Thousands March to Mark the Palestinian Nakba in Northern Israel
Committee of Arab leaders calls on United Arab List to resign from Bennett's coalition as demonstrators march through the village of Miar, depopulated in 1948

Thousands marched Thursday to mark the Palestinian Nakba in the Lower Galilee in northern Israel, the area where the village of Miar, depopulated in 1948, once stood.
Participants carried Palestinian flags and signs with the names of Arab villages uprooted in Israel’s War of Independence, which Palestinians refer to as the 'catastrophe.' Organizers from the Association for the Defense of the Rights for the Internally Displaced Persons in Israel said that the marchers were strict about not carrying the flags of political parties or movements or calling out political slogans.
The chairman of the Higher Arab Monitoring Committee, Mohammad Barakeh, called during the march for the United Arab list to leave the coalition: “We must be loyal to our national principles.
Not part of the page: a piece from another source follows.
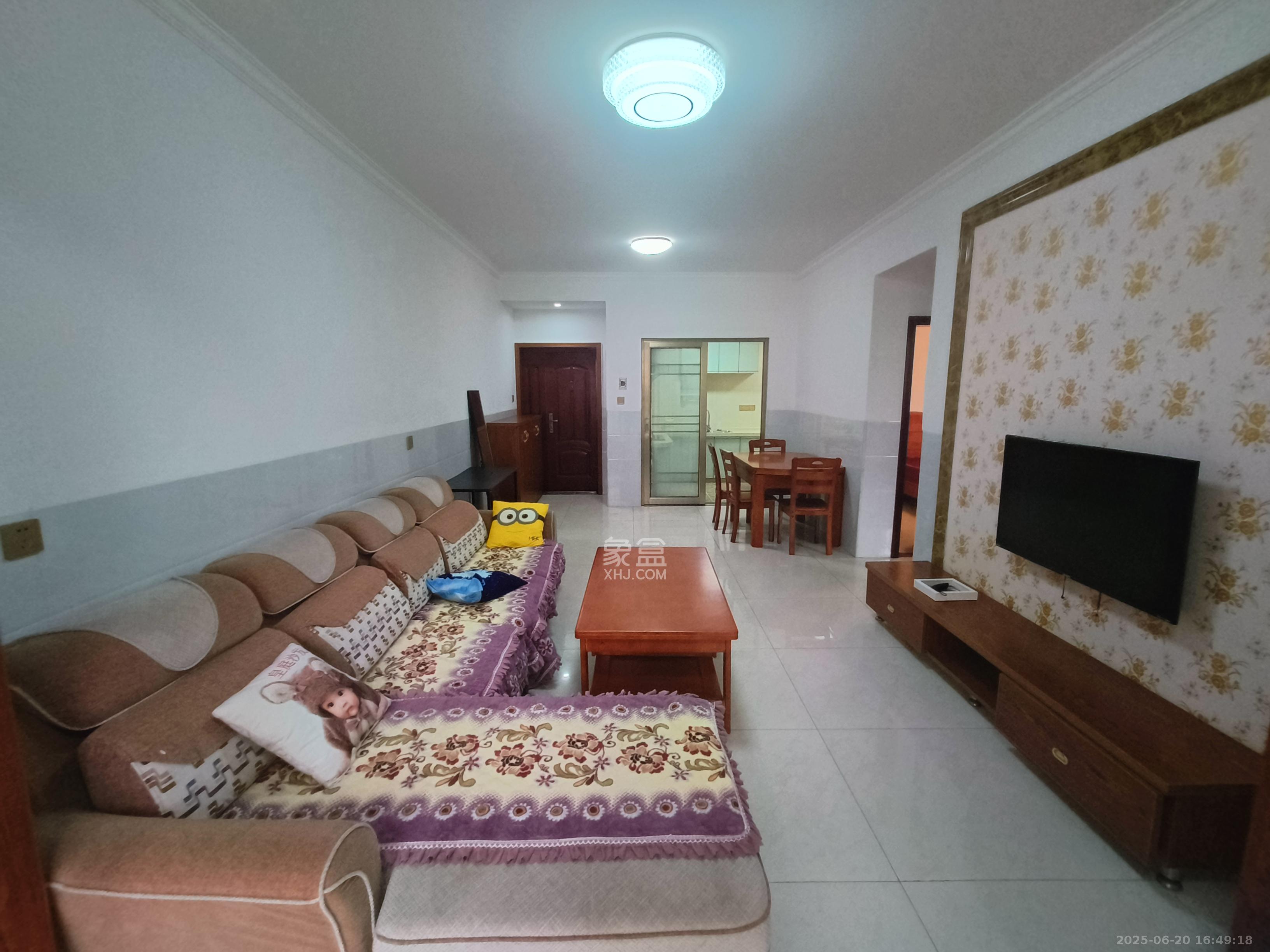 嘉顺苑 3室2厅1卫 2000.0元/月 嘉顺苑 3室2厅1卫 2000.0元/月室内图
Don’t be part of this coalition. We are not in a position of choosing between Bennett and Netanyahu. We need to be with our Palestinian people.” Both Prime Minister Naftali Bennett and former Prime Minister Benjamin Netanyahu, Barakeh said, “were of the same status,” adding “don’t be in this filthy swamp.”
Barakeh said the principle of the right of return is “a sacred principle from generation to generation. If not us, then our children and grandchildren. We in this march reject any attempt to falsify history, beginning with the Al-Aqsa Mosque which in their language is called the Temple Mount and to the names of our villages. We will not agree to live here except with respect and equality. Our dispute with the Zionist Movement is not about asphalt or paving a road, but about narrative and history.”
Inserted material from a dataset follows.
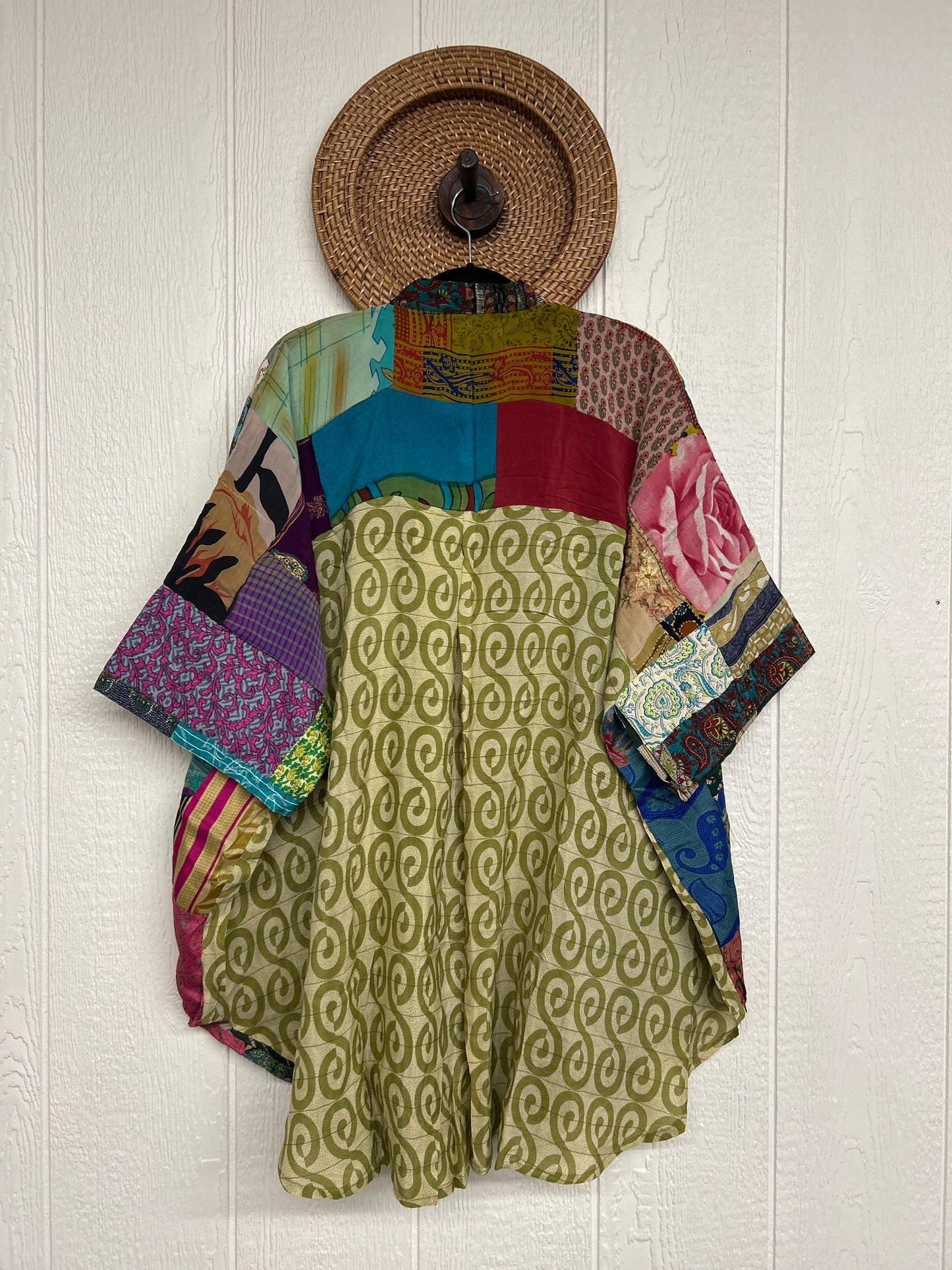 Goddess Free To Be Button-Down 0925 240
Many of the participants in the march were members of the second or third generation after those displaced. “Israel’s statesmen thought that the old ones would die and the young ones would forget, but they failed greatly. The old ones gave their children the keys to return and that passed from generation to generation,” the writer Taha Muhammad Ali, among the displaced persons from Miar, said.
"Do people coming from Ukraine today deserve to live here while we have no right to live in our homeland? I say to Netanyahu and I say to Bennett – we are not terrorists, we are a people who desire to live and return to our land.”
He added that he “sees the determination of the Palestinian people calling for an end to the occupation, and the right of return of the refugees.”